The transcript of Barbara Elizabeth Dawson’s testimony reflects the following:
Q. [Employer’s Counsel] Based then on your education and your experience and your review of the medical files and your dealings that you’ve had with [the claimant], assuming all of her physical characteristics, medical history such as you had, knowing the direct history of hysterectomy — the history of hysterectomy in October 1990 and your testimony in particular that no bladder tack was done; the question to you is whether or not you have an opinion as to the probable cause of the stress incontinence that she experiences?
A. It’s common for a woman of that age with three (3) pregnancies to have a bladder suspension as well as a rectocele because it is a common occurrence for women of that age to develop stress incontinence when they get a little older in life. Usually while physicians are there if there’s any indication, they’ll go ahead and do a bladder tack and it’s called on EMP repair.
On May 8, 1991, a month or so before Dr. Littlepage found the claimant had reached maximum medical improvement, he mentioned in a neurosurgical follow up note the claimant “had a hysterectomy a year ago, and at that time there was no bladder tack-up performed by her gynecologist.” He also stated “I think that this would come under a work related event related to her exercise” and he would “see her back in three weeks.” What he does not state at this time is that the incontinence “most probably” was connected to the injury-
Again, on June 3,1991, Dr. Littlepage found the claimant had reached maximum medical improvement. He also found she had sustained a five percent impairment of the whole person. The commission could have concluded from these findings that Dr. Littlepage took into consideration any aggravation of the claimant’s pre-existing bladder problem.
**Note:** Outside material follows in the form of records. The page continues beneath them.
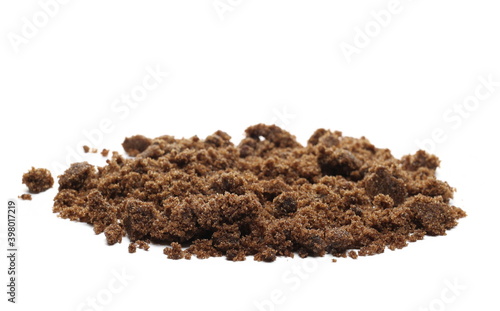 Sugar muscovado isolated on white background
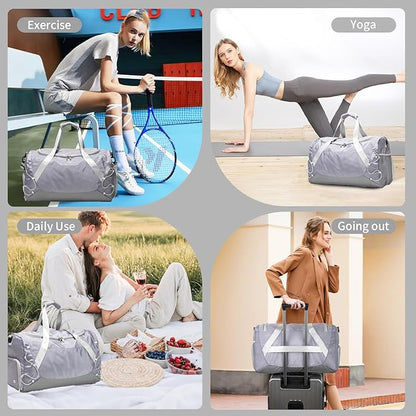 Gym Bag 36L Large Travel Duffel Bag For Men&Women Water-Resistant Sport Bags With Shoes Compartment Wet Pocket Heavy Duty Weekender Overnight Carry On Bag For Gym, Yoga, Swim, Travel
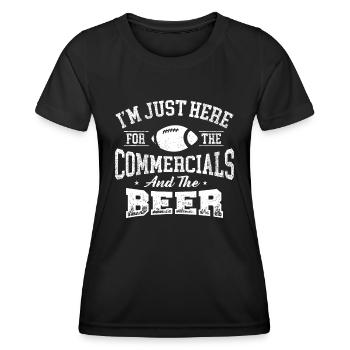 Ich bin nur wegen der Werbung und des Bieres hier - Frauen Funktions-T-Shirt - Schwarz - Vorne - AI Model Female 172 light (172cm)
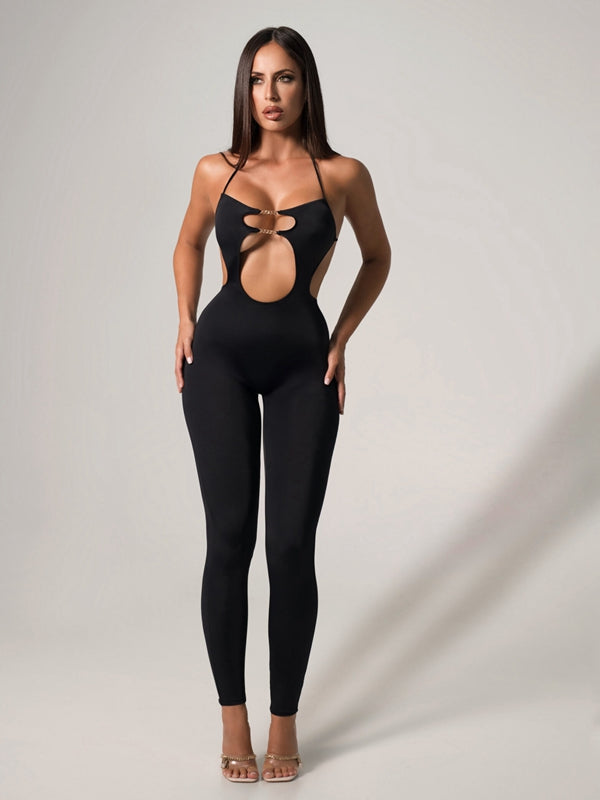 Black Hollow-Out Backless Jumpsuit for Women — Stretchy - gallery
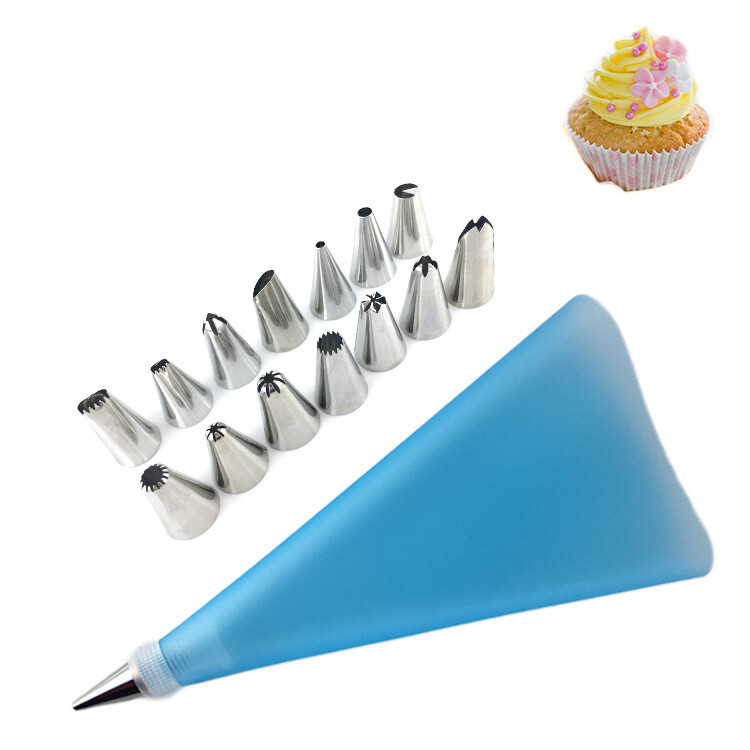 16pcs Cake Decorating DIY Cookie Home With Cream Bag Piping Tip Set Kitchen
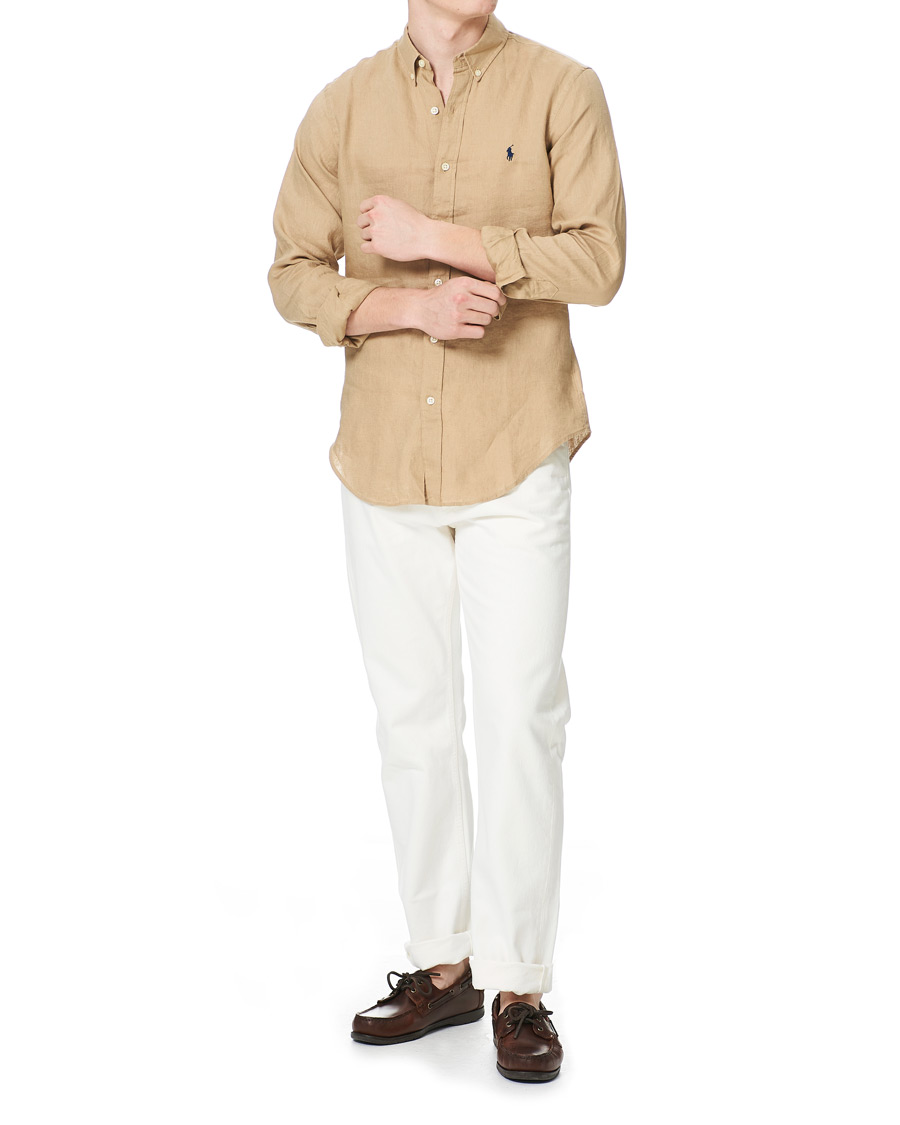Men | Shirts | Polo Ralph Lauren | Slim Fit Linen Button Down Shirt Costal Beige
Dr. Littlepage could not give a specific percentage of impairment to the claimant’s back.
The single commissioner expressly notes in his order he asked the claimant “to undergo two (2) additional independent medical evaluations” by Dr. Rice and Dr. Trent. He also expressly notes he received reports from the two doctors, “reports” of Dr. Rice “from November 12,1991, through December 3,1991,” and “report” of Dr. Trent “from November 15,1991, through December 6,1991.”
Before making his findings of fact, the single commissioner recites he had reviewed the evidence, considered “the medical evidence and lay testimony,” and gave “liberal weight to [the claimant’s] evidence of back pain and limitation of lifestyle activities.”